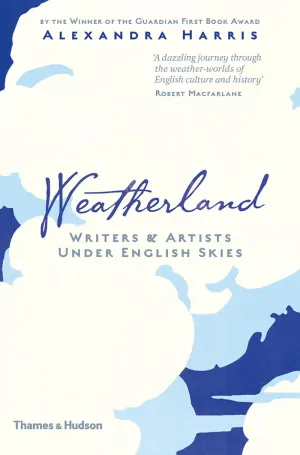 WEATHERLAND WRITERS AND ARTISTS UNDER ENGLISH SKIE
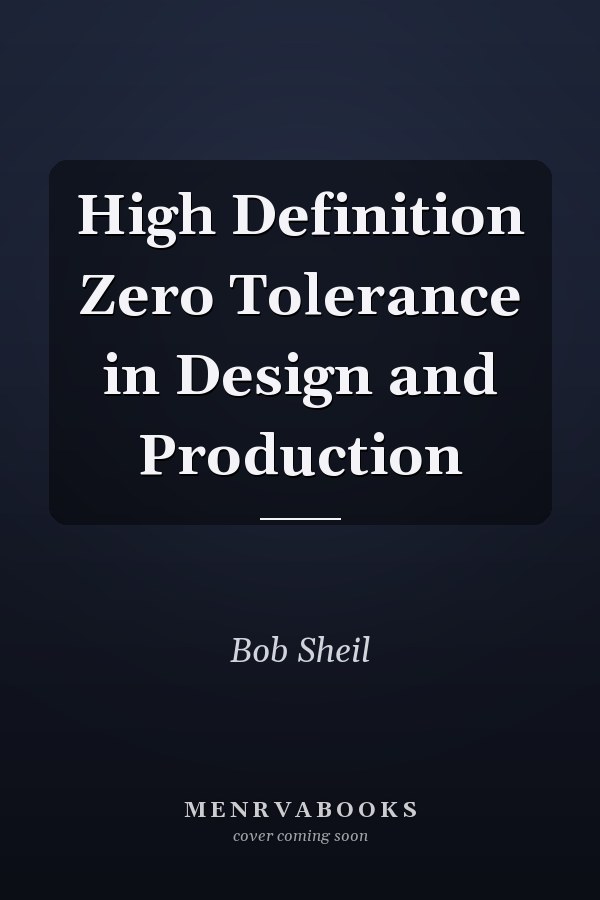 High Definition Zero Tolerance in Design and Production
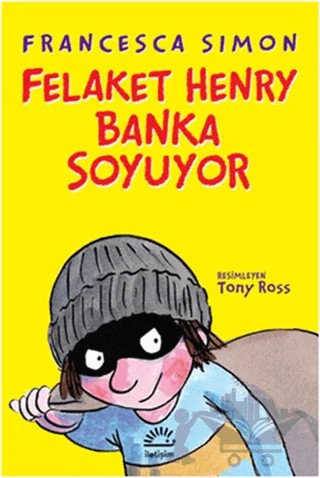 Felaket Henry Banka Soyuyor – Francesca Simon – İletişim Yayınevi kitap kapağı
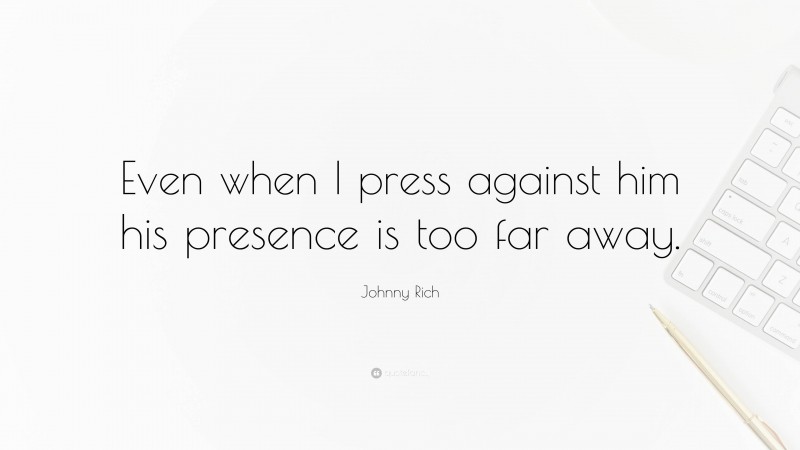 Johnny Rich Quote: “Even when I press against him his presence is too far away.”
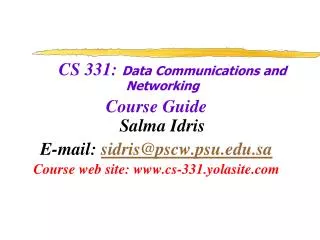 CS 331: Data Communications and Networking Course Guide Salma I dris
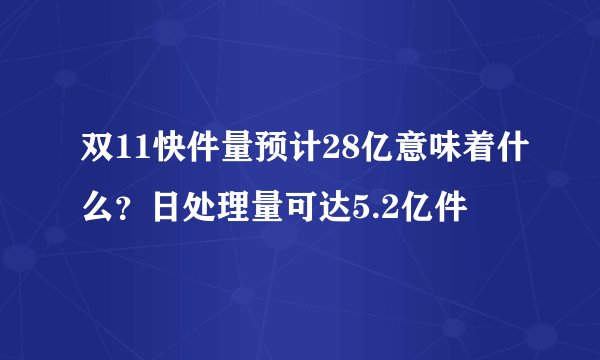 双11快件量预计28亿意味着什么?日处理量可达5.2亿件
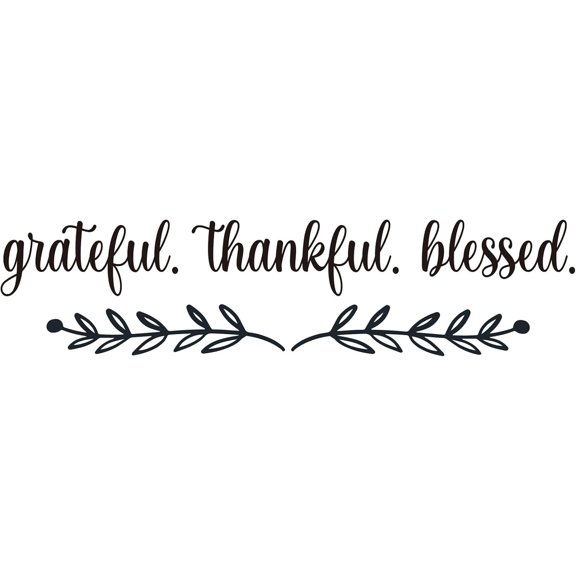 Grateful Thankful Blessed Vinyl Wall Decal Inspirational Quote Wall Art Mural Kitchen Dining Room Decal Decor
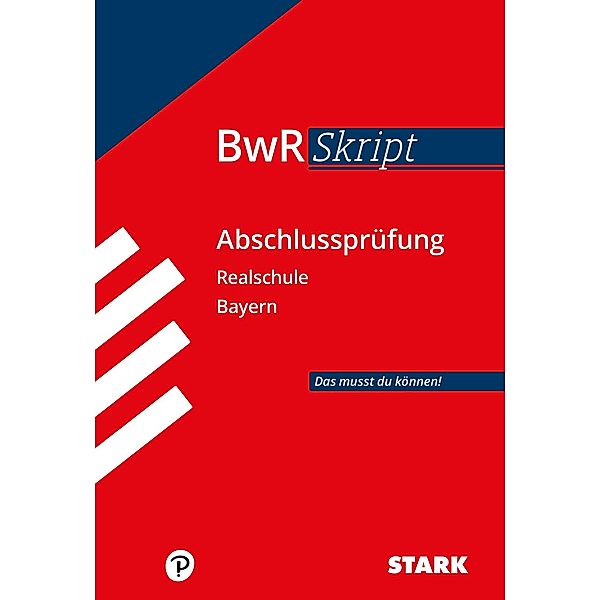 BWR Skript / BWR Skript Betriebswirtschaftslehre / Rechnungswesen, Realschule Bayern, Udo Weierich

********************

-- Problem to work on --
Retype all the entries exactly; drop the pictures.

-- Response area --
 WEATHERLAND WRITERS AND ARTISTS UNDER ENGLISH SKIE
 High Definition Zero Tolerance in Design and Production
 Felaket Henry Banka Soyuyor – Francesca Simon – İletişim Yayınevi kitap kapağı
 Johnny Rich Quote: “Even when I press against him his presence is too far away.”
 CS 331: Data Communications and Networking Course Guide Salma I dris
 双11快件量预计28亿意味着什么?日处理量可达5.2亿件
 Grateful Thankful Blessed Vinyl Wall Decal Inspirational Quote Wall Art Mural Kitchen Dining Room Decal Decor
 BWR Skript / BWR Skript Betriebswirtschaftslehre / Rechnungswesen, Realschule Bayern, Udo Weierich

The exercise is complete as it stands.